It's a solicitation for new developments in the broad scheme of computing--faster hardware, more storage, better power management, better heat dissipation, simpler software.
Why the need for a separate initiative? Aren't those developments going to happen anyway?
"To meet the relentlessly increasing demands for greater performance, higher energy efficiency, ease of programmability, system dependability, and security, revolutionary new research, development, and design will be essential to enable new generations of advanced DoD computing system capabilities and new classes of computer applications. Current evolutionary approaches to progress in computer designs are inadequate."
Essentially, we're not developing fast enough. Processing speed, heat, internal architecture--none of this will be able to keep up with Moore's law in the future.
And hardware isn't even the only stumbling block: Software needs updating too.

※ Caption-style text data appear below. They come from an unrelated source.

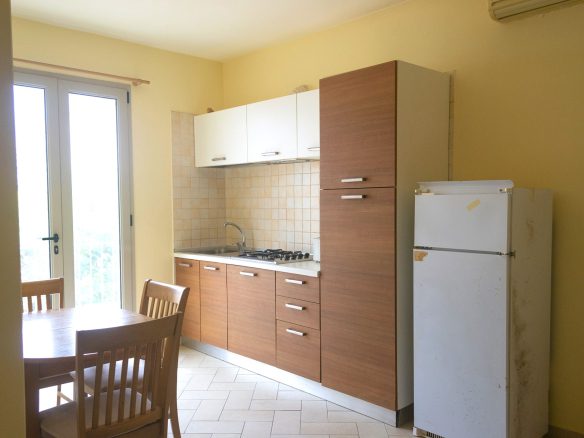 1 bedroom apartment for sale in Arcade block, Santa Maria, Sal Island
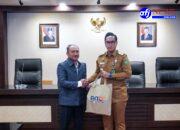 Dari Sekolah Internasional hingga Klinik Terapung, BNCT Hadirkan Harapan Baru untuk Belawan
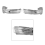 1 paire de clignotants de rétroviseur pour 508 3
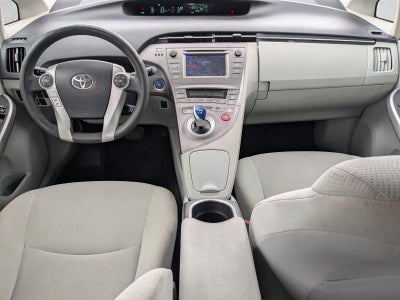 2015 Toyota Prius 5dr HB Two (SE)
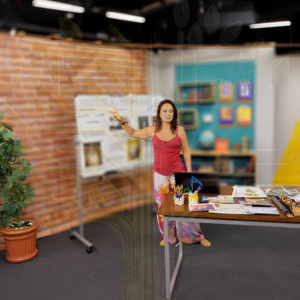 jac macdowell Metodo Ares para maes de superdotado 3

Here are some of the "topics of interest":
- Research on self aware system software, including operating system, runtime system, I/O system, system management/administration, resource management and means of exposing resources, and external environments
- Research on hardware, software and language design that enables highly programmable systems, which reduces the need for users to be aware of system complexity, including heterogeneous cores, the memory hierarchy, etc.

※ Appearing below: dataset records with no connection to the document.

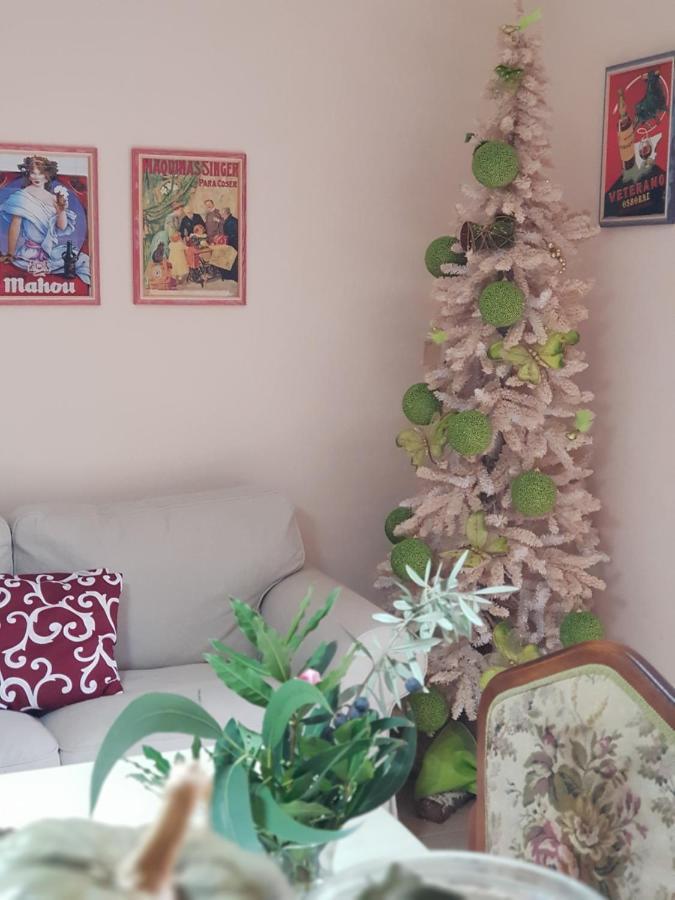 B&B Agreebreak Rende Bagian luar foto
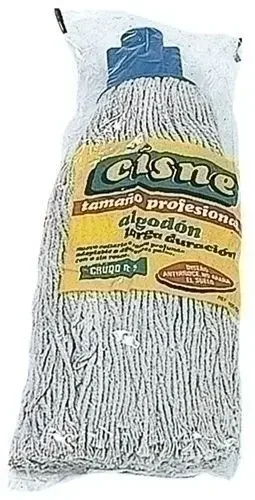 FREGONA CISNE Nº5 250 GR. SIN PALO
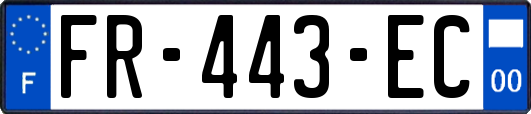 FR-443-EC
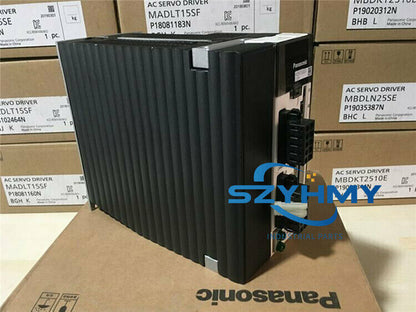 Panasonic MDDHT3530CA1 AC Servo Drive - 1PC New and Original - PANASONIC
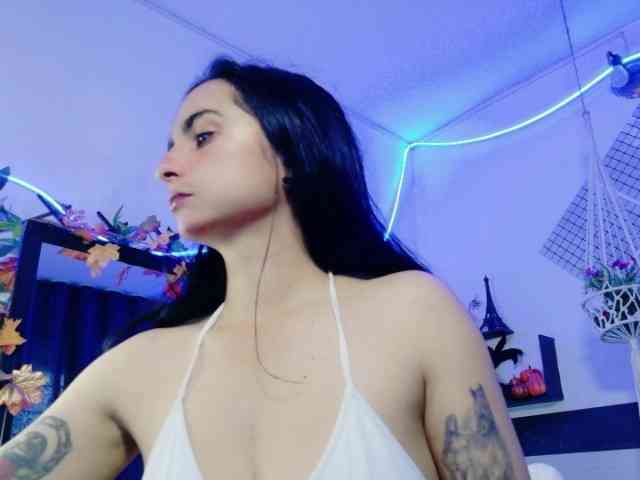 Kandyparis webcam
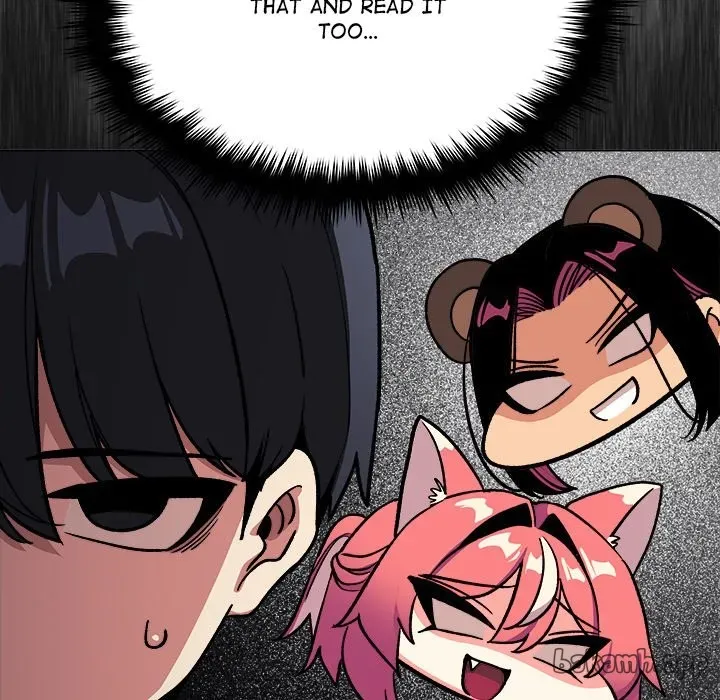 Read Someone Stop Her! chapter 76 image 111 on Lezhin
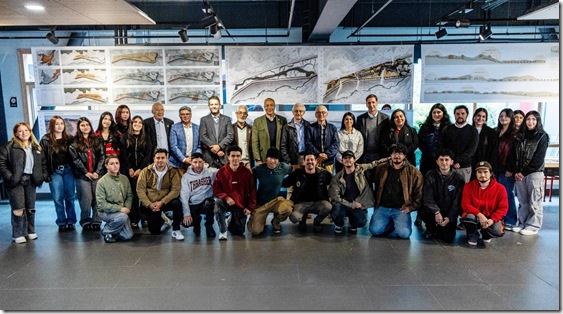 FOTO estudiantes y proyecto ecoparque 1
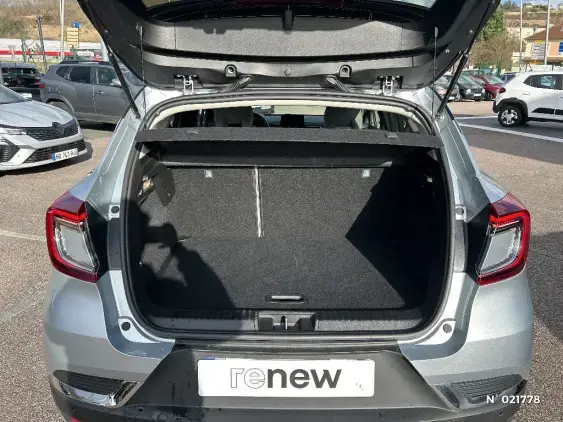 RENAULT CAPTUR II - voiture d'occasion - Photo 7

Energy use seems to be a high priority as well. Research on low power circuits is sought, along with any developments in energy efficiency.

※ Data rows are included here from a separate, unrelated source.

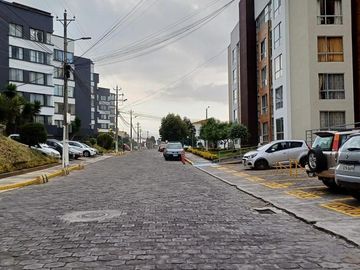 DEPARTAMENTO EN VENTA CONJUNTO CIUDAD OCCIDENTE 75.000 SAN FERNANDO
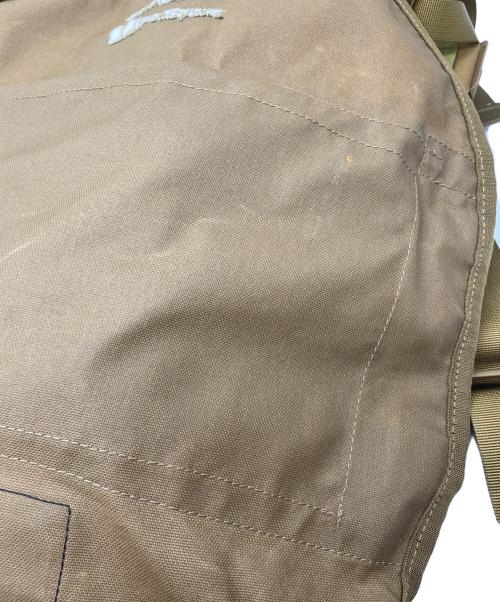 Berghaus（バーグハウス）Berghaus (バーグハウス) バックパック キャメルの古着・服飾アイテム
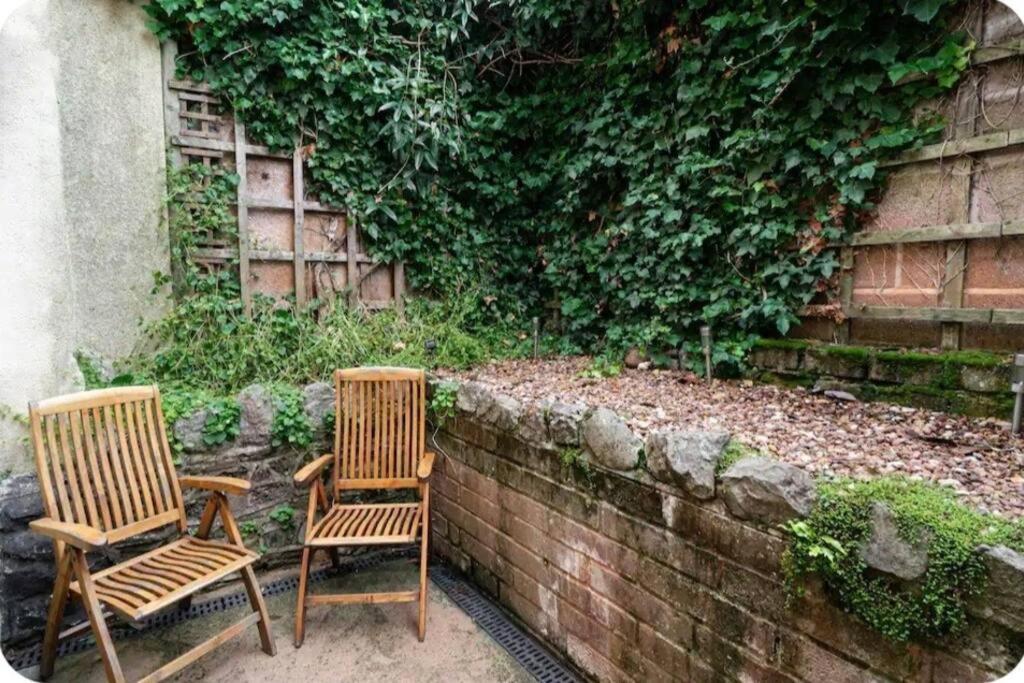 Holiday home Classy Two Bed - Close To Town Centre &
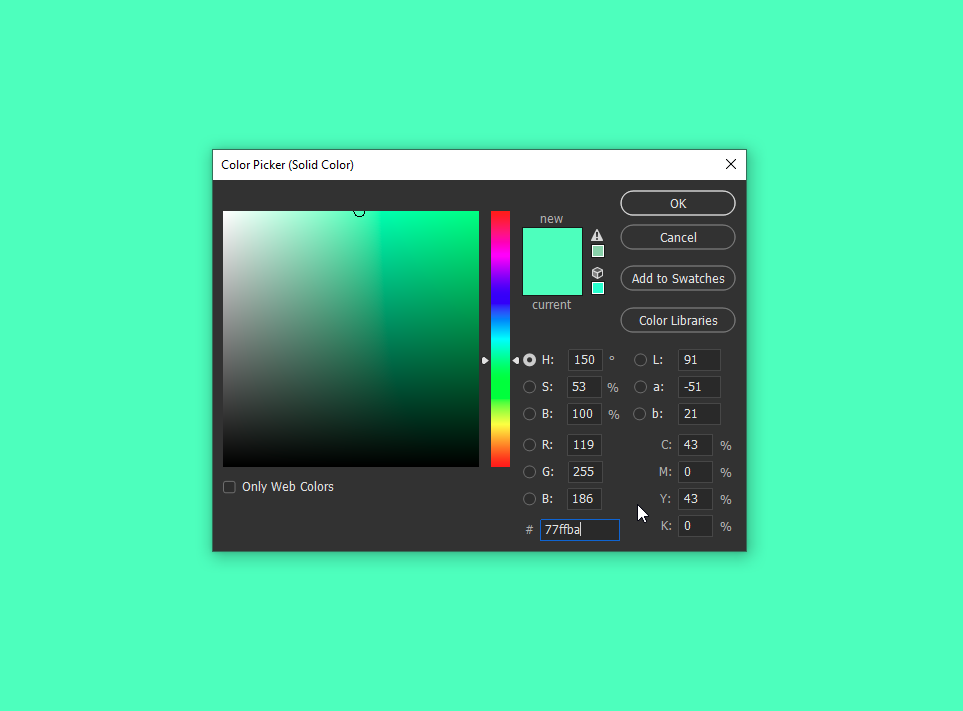 Solved: Coloration Error - Adobe Community - 12840365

As computing power rises, so does energy use, an undesirable trend. DARPA hopes to find ways to increase ability without increasing energy use quite so much.
And if you're wondering why this is all so vague, it's because this is not much more than a call to arms --DARPA is aiming to encourage development of next-gen computing systems, and of course nobody knows quite what that will look like.
DARPA is aiming for a 2018 launch of these UHPC systems.